I didn’t know that when I watched it though and honestly wouldn’t have guessed that a woman wrote the film based on my first watch.
This movie has arguably one of the most active and present female characters in the Godzilla series in Katsura. However, she’s actually an evil robot. She falls in love with the lead male character over the course of a few days and seemingly out of nowhere. We see her boobs (they’re fake, but still) for no reason. And (spoiler alert) she dies at the end after they connect her brain to Mechagodzilla and the evil robot is defeated by Godzilla.
This all screams typical patriarchal nonsense, right?
In A Critical History and Filmography of the Toho’s Godzilla Series, the author notes that Ishiro Honda (the OG Godzilla director) noted Yukiko Takayama’s screenplay was poetic, but not cinematic, and he was “obliged to rewrite it extensively.”
So there’s that.
Even still, in my process, I’m reminded of a formative memory from a literature course during my time at William Jewell College.

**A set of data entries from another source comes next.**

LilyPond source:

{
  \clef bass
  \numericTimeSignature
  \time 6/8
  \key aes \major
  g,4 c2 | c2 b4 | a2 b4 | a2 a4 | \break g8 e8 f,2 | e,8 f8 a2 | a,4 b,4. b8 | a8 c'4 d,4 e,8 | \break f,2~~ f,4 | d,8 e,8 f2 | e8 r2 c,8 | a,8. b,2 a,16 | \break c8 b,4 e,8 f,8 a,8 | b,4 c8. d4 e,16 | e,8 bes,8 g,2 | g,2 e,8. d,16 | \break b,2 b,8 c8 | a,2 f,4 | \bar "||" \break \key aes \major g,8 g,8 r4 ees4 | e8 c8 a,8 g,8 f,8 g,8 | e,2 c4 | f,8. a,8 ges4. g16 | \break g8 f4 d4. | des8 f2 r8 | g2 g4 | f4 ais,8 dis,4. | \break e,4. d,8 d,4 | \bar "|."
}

We were reading Beowulf, which is not exactly known for being a feminist work. And my fellow classmates and I were lamenting how few lines the Queen had in the text. Our professor asked us to reconsider the quality vs. quantity of her lines. True, the Queen didn’t speak a lot, but when she did they were formative for the plot and other characters.
The one who is speaking the most, isn’t always the most powerful. Or, said another way, often the quality of our words can matter more than the quantity. Which feels particularly meaningful as a creative living in the era of social media asking for constant production.
There was no man in that room telling us that the Queen (and by extension, we) were less than the male characters. We read that into the story ourselves. While of course, systemic problems with sexism are real and need to be addressed. I think there’s something to be said about how we’ve internalized so much of the bullshit that we start to see it everywhere regardless of what’s in front of us.
The truth is that a woman wrote Terror of Mechagodzilla and that shapes how I look at it, even if a man had influences, too. Maybe now, I can interpret the cyborg love story as being a metaphor of what it’s like to feel like a woman trapped in her rigid, assigned roles but trying to connect, make a difference, and fall in love anyway.
This is the kind of nonsense that English majors think about.